Toewijzing verzoek dwangakkoord en saneringskrediet in faillissementsprocedure

Op 16 juni 2023 heeft de Rechtbank Rotterdam uitspraak gedaan in een faillissementsprocedure waarbij verzoeker, die in financiële problemen verkeert, een verzoek heeft ingediend om een dwangakkoord te verkrijgen met zijn schuldeisers. Verzoeker heeft op 9 maart 2023 een verzoek ingediend op basis van artikel 287a van de Faillissementswet, waarin hij een schuldregeling heeft aangeboden aan zijn negen concurrente schuldeisers, met een totaalbedrag van € 34.756,87. De aangeboden regeling houdt in dat de schuldeisers 4,917% van hun vordering ontvangen, wat is gebaseerd op de NVVK-norm en de afloscapaciteit van verzoeker, die afhankelijk is van een participatiewet-uitkering.
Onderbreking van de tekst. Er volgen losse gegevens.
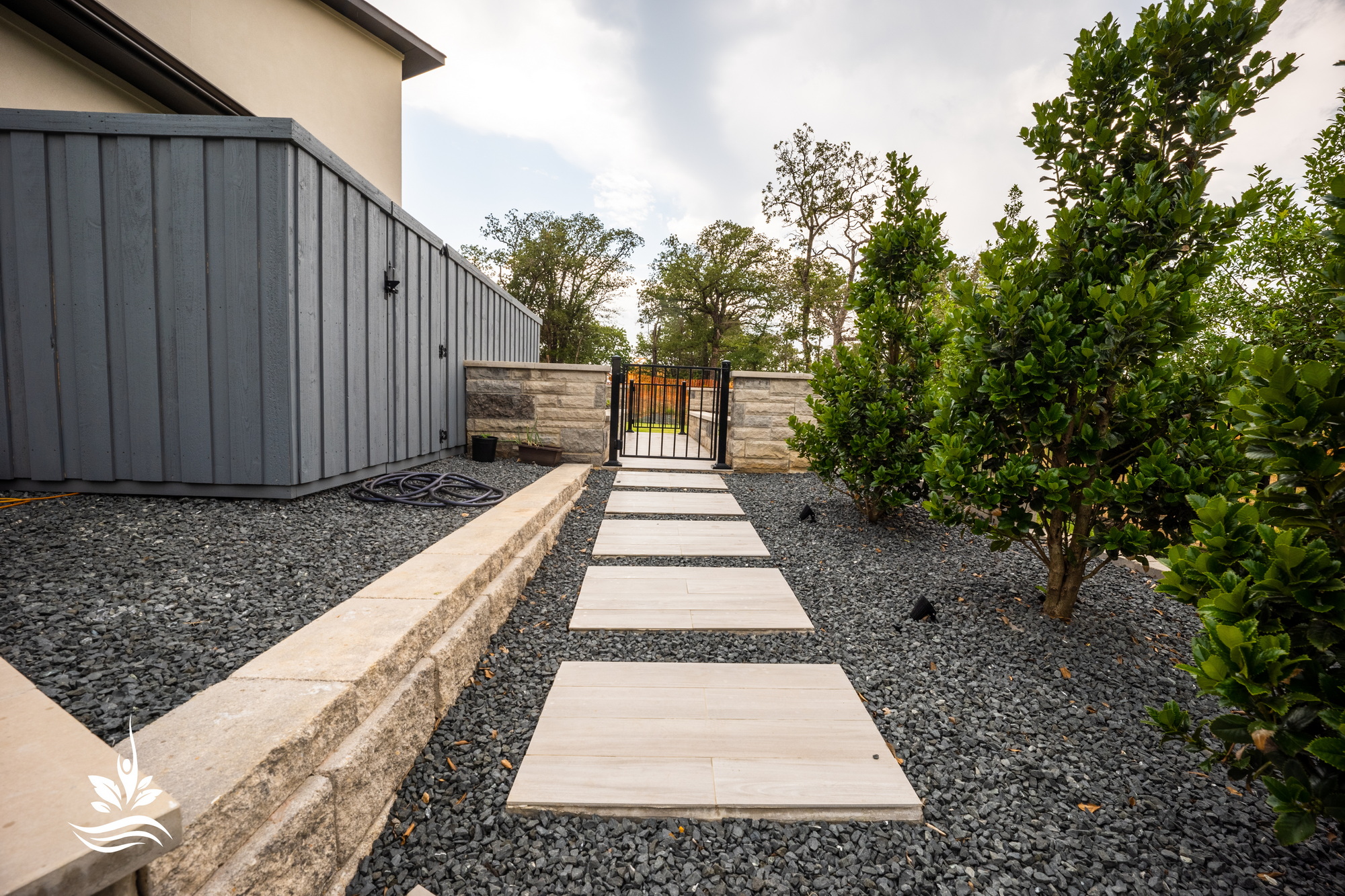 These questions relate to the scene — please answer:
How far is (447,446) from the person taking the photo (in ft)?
17.9

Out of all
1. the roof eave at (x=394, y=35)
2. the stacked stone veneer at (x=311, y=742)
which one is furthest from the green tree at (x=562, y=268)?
the stacked stone veneer at (x=311, y=742)

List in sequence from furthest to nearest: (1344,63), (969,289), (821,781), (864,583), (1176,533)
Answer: (864,583) < (969,289) < (1176,533) < (821,781) < (1344,63)

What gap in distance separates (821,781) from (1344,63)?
1868mm

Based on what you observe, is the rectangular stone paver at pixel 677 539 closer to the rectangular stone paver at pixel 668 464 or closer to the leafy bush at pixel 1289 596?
the rectangular stone paver at pixel 668 464

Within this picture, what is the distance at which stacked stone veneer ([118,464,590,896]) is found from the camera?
0.87 metres

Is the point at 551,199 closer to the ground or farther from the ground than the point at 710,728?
farther from the ground

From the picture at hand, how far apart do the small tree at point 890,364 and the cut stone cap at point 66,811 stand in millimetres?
3475

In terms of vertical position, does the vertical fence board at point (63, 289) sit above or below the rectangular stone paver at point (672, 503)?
above

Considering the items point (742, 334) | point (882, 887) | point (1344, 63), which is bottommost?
point (882, 887)

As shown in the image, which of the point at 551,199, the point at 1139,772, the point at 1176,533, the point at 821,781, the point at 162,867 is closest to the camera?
the point at 162,867

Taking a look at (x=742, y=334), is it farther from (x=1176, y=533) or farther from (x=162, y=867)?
(x=162, y=867)

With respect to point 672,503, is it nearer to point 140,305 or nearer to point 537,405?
point 537,405

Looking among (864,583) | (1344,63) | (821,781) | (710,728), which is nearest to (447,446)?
(864,583)

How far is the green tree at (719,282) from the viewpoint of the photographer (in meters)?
20.6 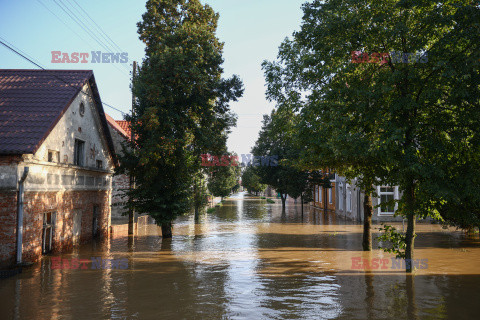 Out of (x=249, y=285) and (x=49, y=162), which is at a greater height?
(x=49, y=162)

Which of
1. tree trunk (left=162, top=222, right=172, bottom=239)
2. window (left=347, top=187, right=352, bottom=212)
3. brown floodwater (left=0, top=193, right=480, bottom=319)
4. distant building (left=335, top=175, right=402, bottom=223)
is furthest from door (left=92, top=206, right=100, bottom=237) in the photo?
window (left=347, top=187, right=352, bottom=212)

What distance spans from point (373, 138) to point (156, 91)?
36.6 feet

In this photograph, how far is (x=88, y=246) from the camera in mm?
17812

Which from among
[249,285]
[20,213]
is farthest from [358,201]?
[20,213]

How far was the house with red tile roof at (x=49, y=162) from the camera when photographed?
12.2 m

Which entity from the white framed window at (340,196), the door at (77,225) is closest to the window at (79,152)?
the door at (77,225)

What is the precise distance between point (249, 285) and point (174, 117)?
11.1 metres

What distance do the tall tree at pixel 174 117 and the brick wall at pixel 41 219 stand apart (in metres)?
2.64

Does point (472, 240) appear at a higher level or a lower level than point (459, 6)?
lower

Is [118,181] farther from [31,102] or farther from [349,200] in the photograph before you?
[349,200]

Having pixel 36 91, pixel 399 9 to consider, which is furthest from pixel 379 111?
pixel 36 91

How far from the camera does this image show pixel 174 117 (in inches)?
739

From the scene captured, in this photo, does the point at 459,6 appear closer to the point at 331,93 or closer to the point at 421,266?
the point at 331,93

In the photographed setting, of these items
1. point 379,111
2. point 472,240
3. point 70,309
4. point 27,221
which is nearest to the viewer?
point 70,309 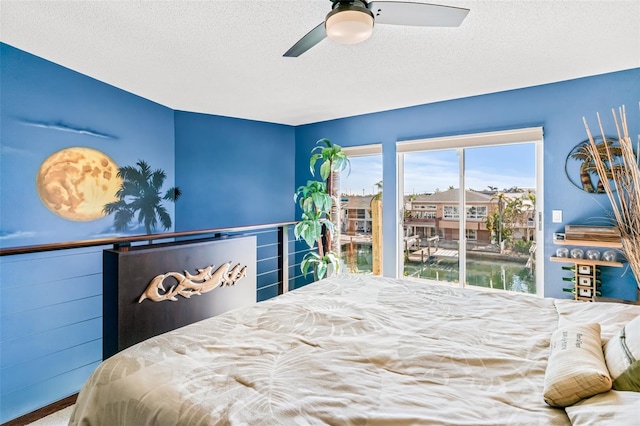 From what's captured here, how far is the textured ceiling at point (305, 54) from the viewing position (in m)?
1.89

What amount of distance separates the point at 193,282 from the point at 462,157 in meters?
2.88

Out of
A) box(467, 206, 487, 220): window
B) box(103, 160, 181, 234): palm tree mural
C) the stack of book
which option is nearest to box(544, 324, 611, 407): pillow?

Acht van de negen schuldeisers hebben ingestemd met de aangeboden regeling, maar de heer [naam01], die een vordering van € 20.584,36 heeft, heeft geweigerd in te stemmen. In zijn verweerschrift heeft hij aangegeven dat verzoeker veel overlast heeft veroorzaakt in de voormalige woning en dat de aangeboden regeling te laag is, gezien de schade aan de woning en de huurachterstand. De rechtbank heeft vastgesteld dat de vordering van [naam01] een aanzienlijk aandeel heeft in de totale schuldenlast en dat de meerderheid van de schuldeisers akkoord is gegaan met de regeling.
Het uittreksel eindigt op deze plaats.